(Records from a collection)
################
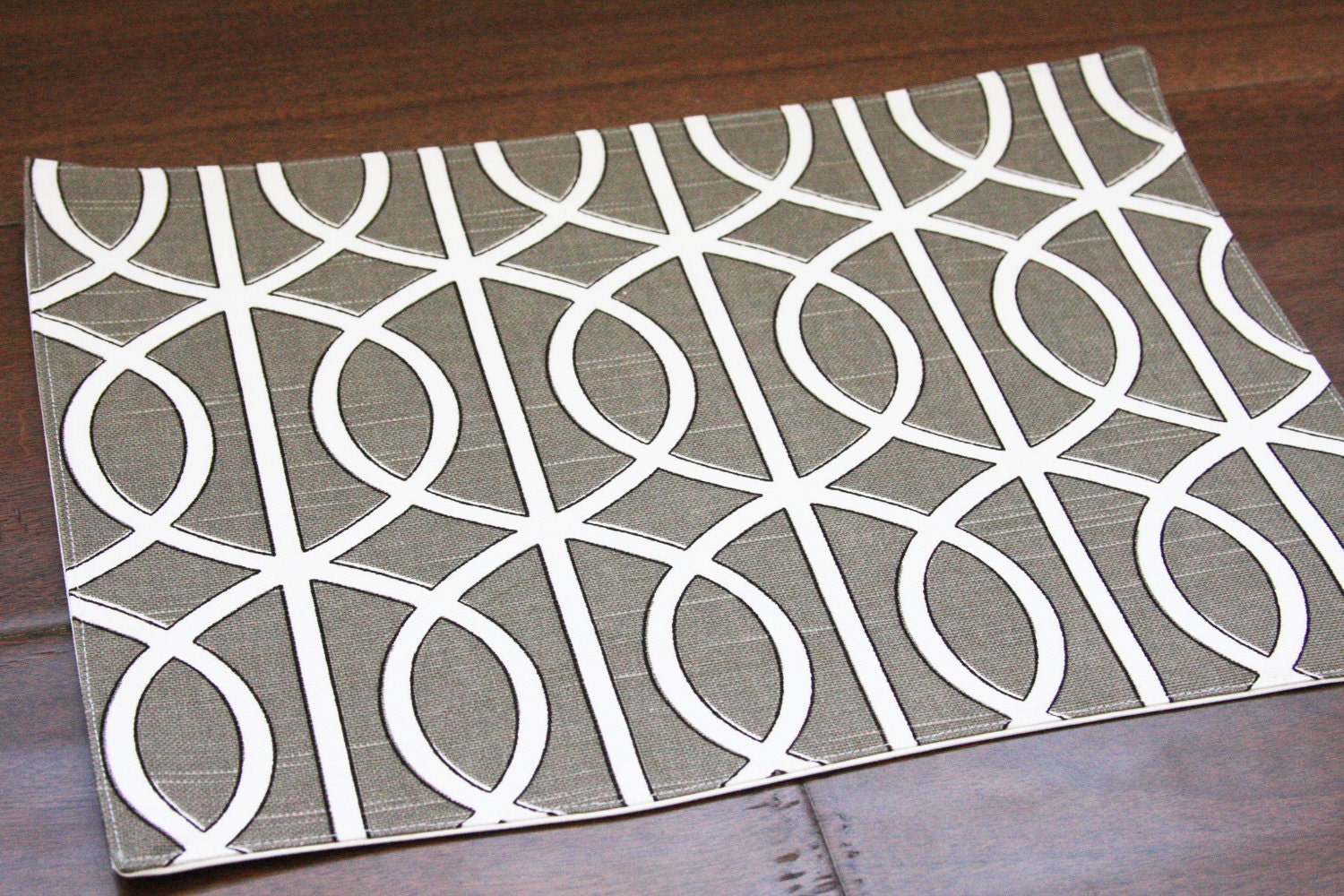 Pet-Mat (Placemat for your Dog or Cat's Bowl) Grey Squiggles: Small Size FREE US SHIPPING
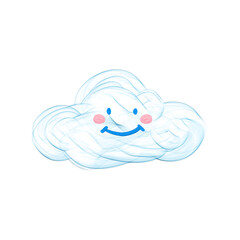 Cute cloud sky stationary sticker oil painting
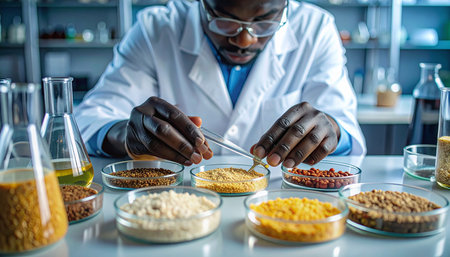 African american scientist working in a laboratory. He is using a pipette and mixing different cereals.の素材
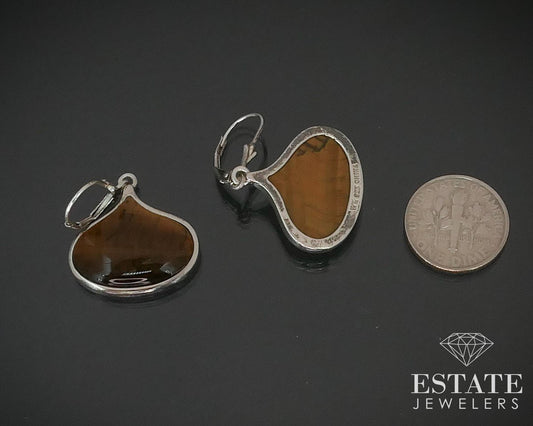 Sterling Silver Natural Tigers Eye Whitney Kelly Dangle Earrings 8.2g i15460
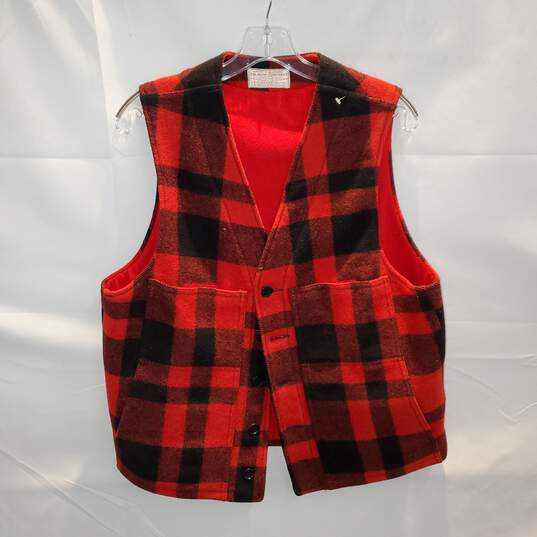 Filson Wool Plaid Button Up Red & Black Vest No Size image number 1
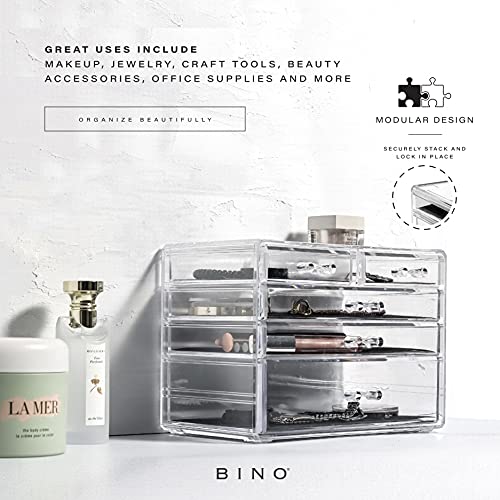 BINO THE MANHATTAN SERIES Acrylic Makeup Drawer Organizer-3 Large 2 Small Drawer | Clear Beauty Organizers and Storage| Cosmetic & Makeup Drawer| Home Organization| Jewelry & Vanity Accessories Drawer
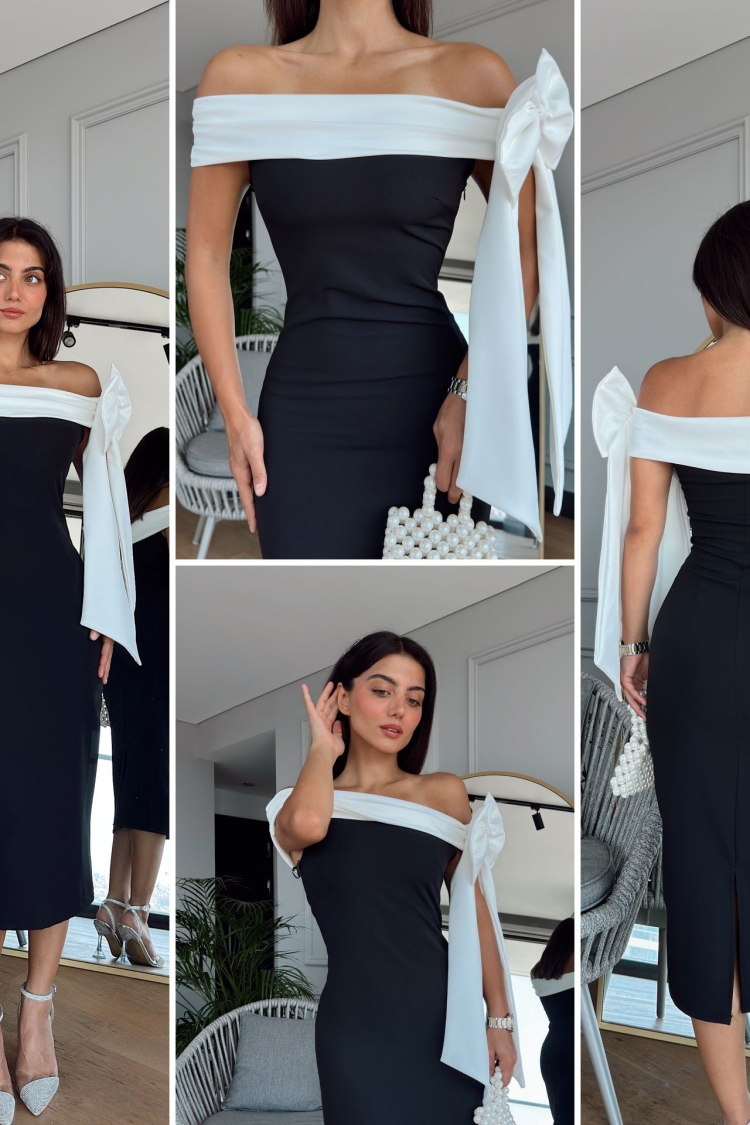 Shoulder Bow Detail Design Dress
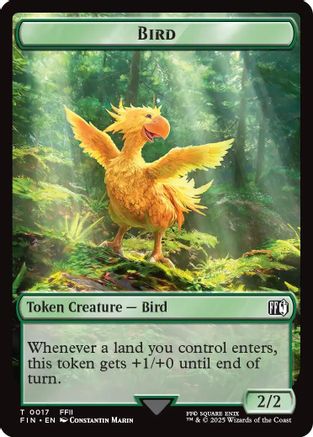 Bird (0017) // Wizard (0015) Double-Sided Token (FIN-17 // 15) - FINAL FANTASY Foil
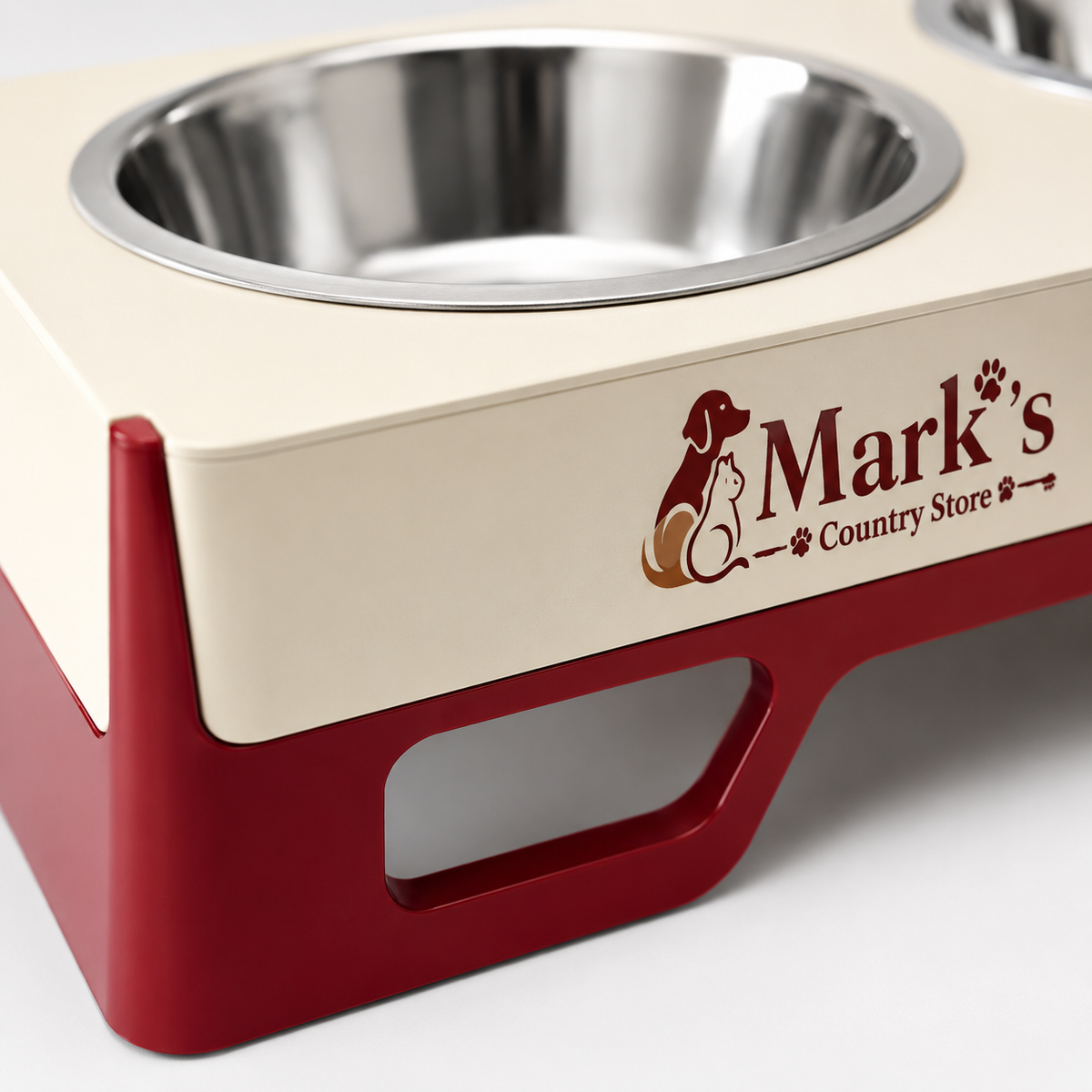 Elevated Double Pet Bowls with Stainless Steel Bowls and Cream Red Stand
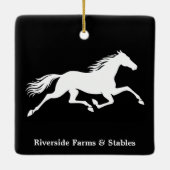 Paardenstal Naam Zwart Keramisch Ornament (Achterkant)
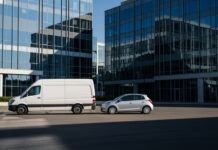 Assurance auto usage professionnel : quand et pourquoi le déclarer Camionnette utilitaire et voiture particulière stationnées devant un immeuble de bureaux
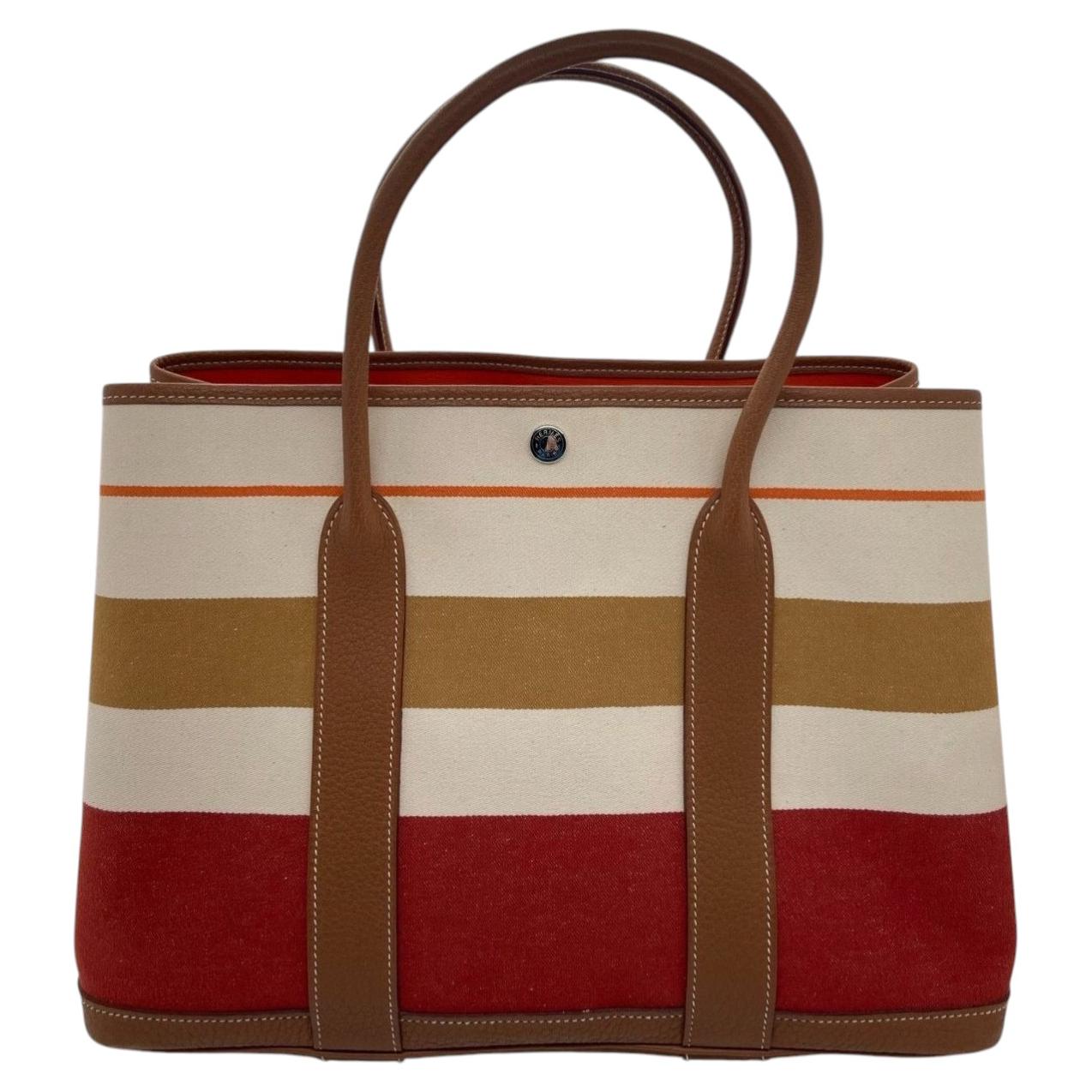 Hermes Garden Party 36 Tote Bag Toile et Negonda Striped Stmap Q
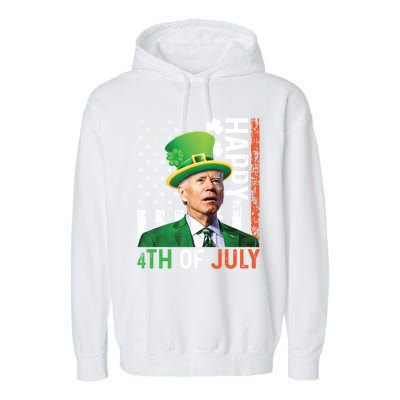 Happy 4th Of July Confused Funny Joe Biden St Patricks Day Gift Garment-Dyed Fleece Hoodie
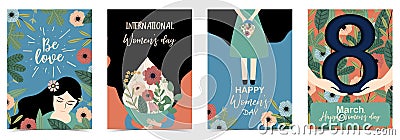 Orange green blue International Women`s Day with women,flower and leaf Vector Illustration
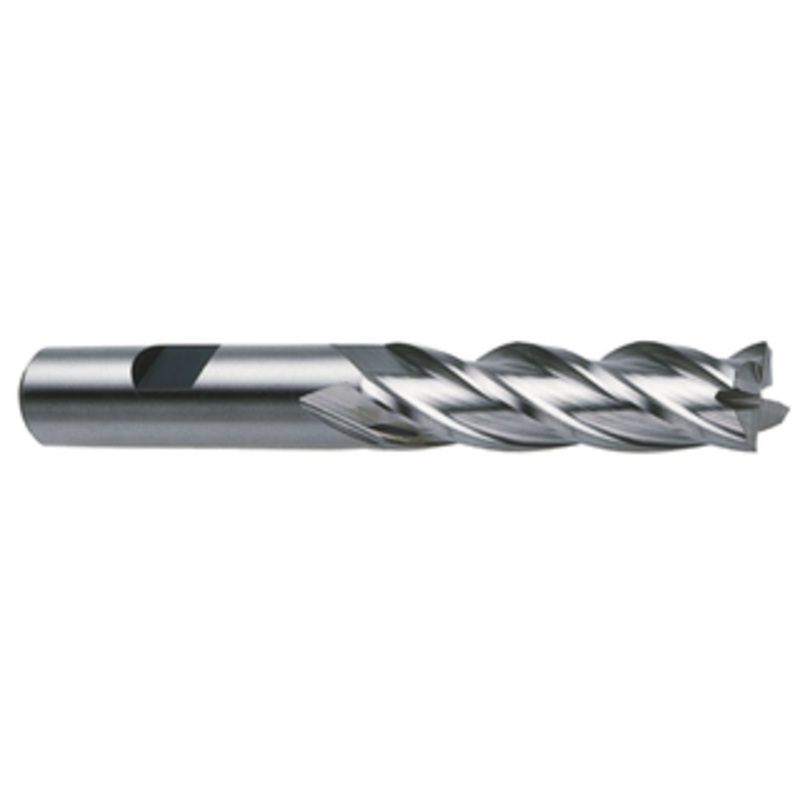 Precise 4 Flute Long Length H.S.S. Finishing End Mill, 1/4 Size, 3/8 Shank Diameter, 1-1/4 Length of Cut, 3-1/16 OAL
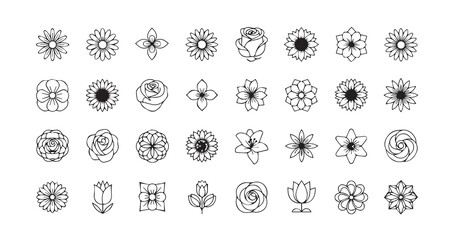 Flower head line art icon bundle illustration
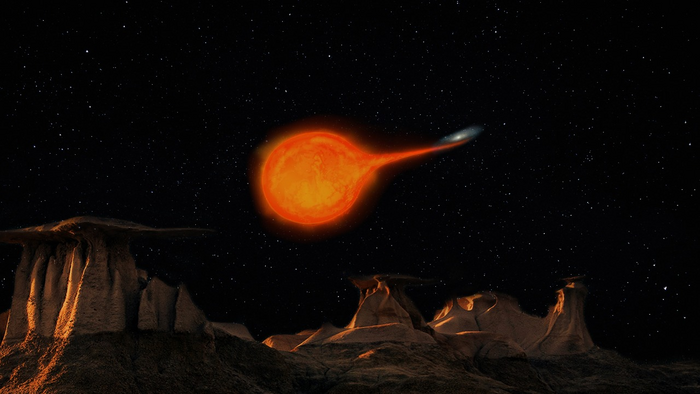 Artist's impression of a cataclysmic variable system as seen from the surface of an orbiting planet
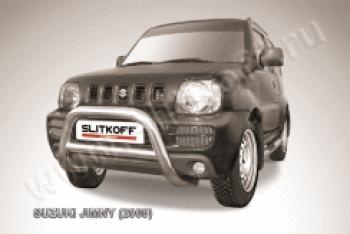 Защита переднего бампера кенгурятник d76 низкий Slitkoff Suzuki (Сузуки) Jimny (Жимни)  JB23/JB43 (1998-2018) JB23/JB43 дорестайлинг, 1-ый рестайлинг, 2-ой рестайлинг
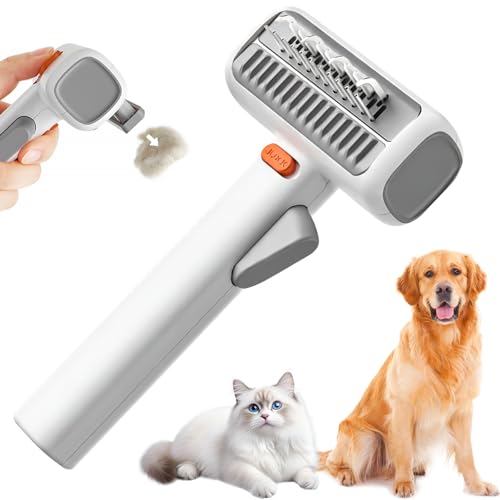 ELYCO Pettine 2 in 1 Autopulente per Cani e Gatti, Denti in Acciaio Inox, Adatto per Pelo Lungo e Corto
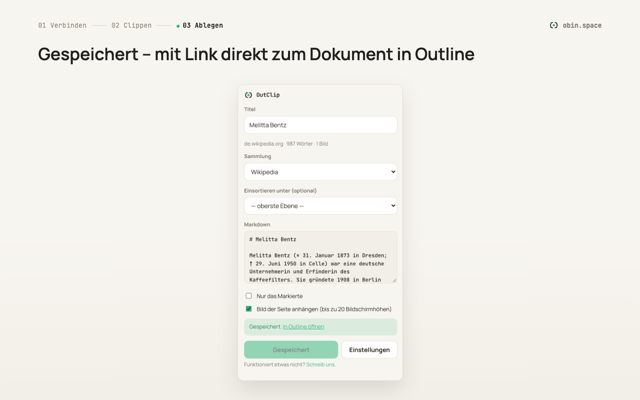OutClip-Popup nach dem Speichern, mit dem Verweis In Outline öffnen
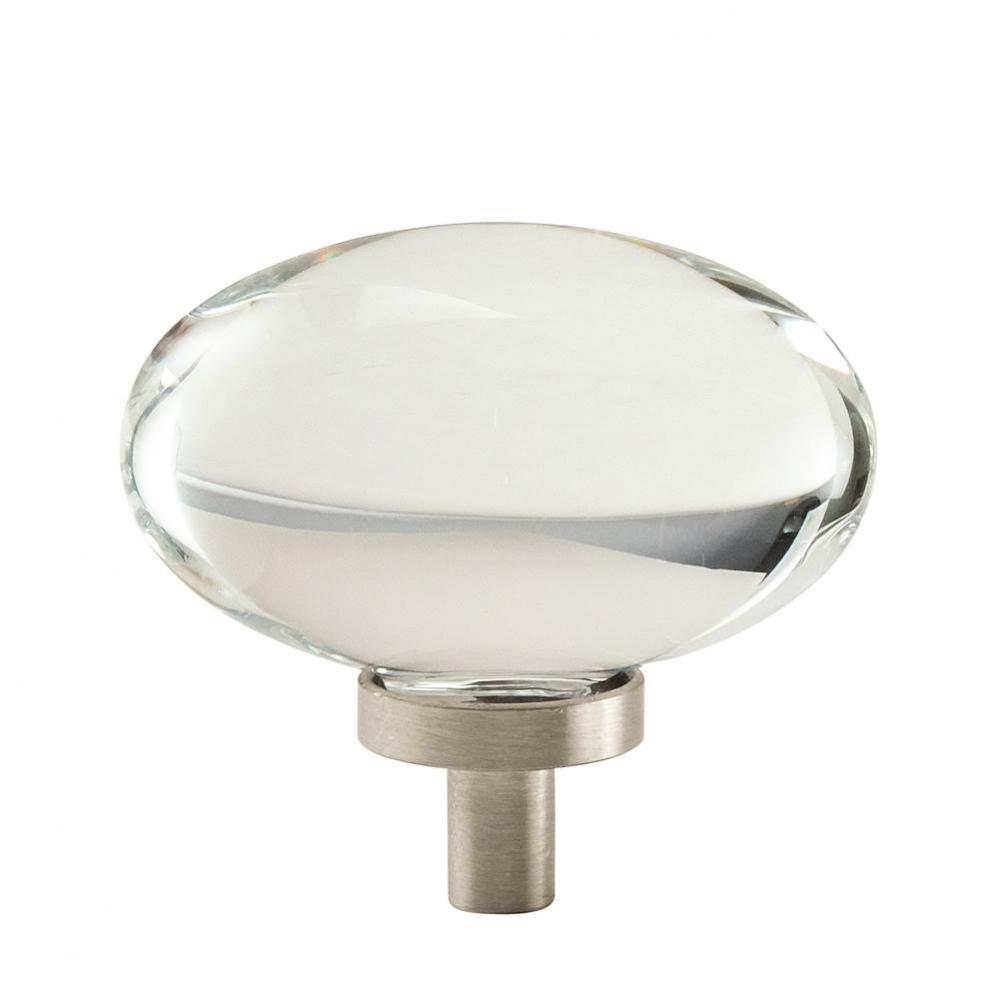 Glacio 1-3/4 in (44 mm) Length Clear/Satin Nickel Cabinet Knob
################
#### TASK STATEMENT:
Exactly restate the lines from the beginning of the data through the line with "Filson Wool Plaid", and no others, keeping pictures out.

#### TASK ANSWER:
 Pet-Mat (Placemat for your Dog or Cat's Bowl) Grey Squiggles: Small Size FREE US SHIPPING
 Cute cloud sky stationary sticker oil painting
 African american scientist working in a laboratory. He is using a pipette and mixing different cereals.の素材
 Sterling Silver Natural Tigers Eye Whitney Kelly Dangle Earrings 8.2g i15460
 Filson Wool Plaid Button Up Red & Black Vest No Size image number 1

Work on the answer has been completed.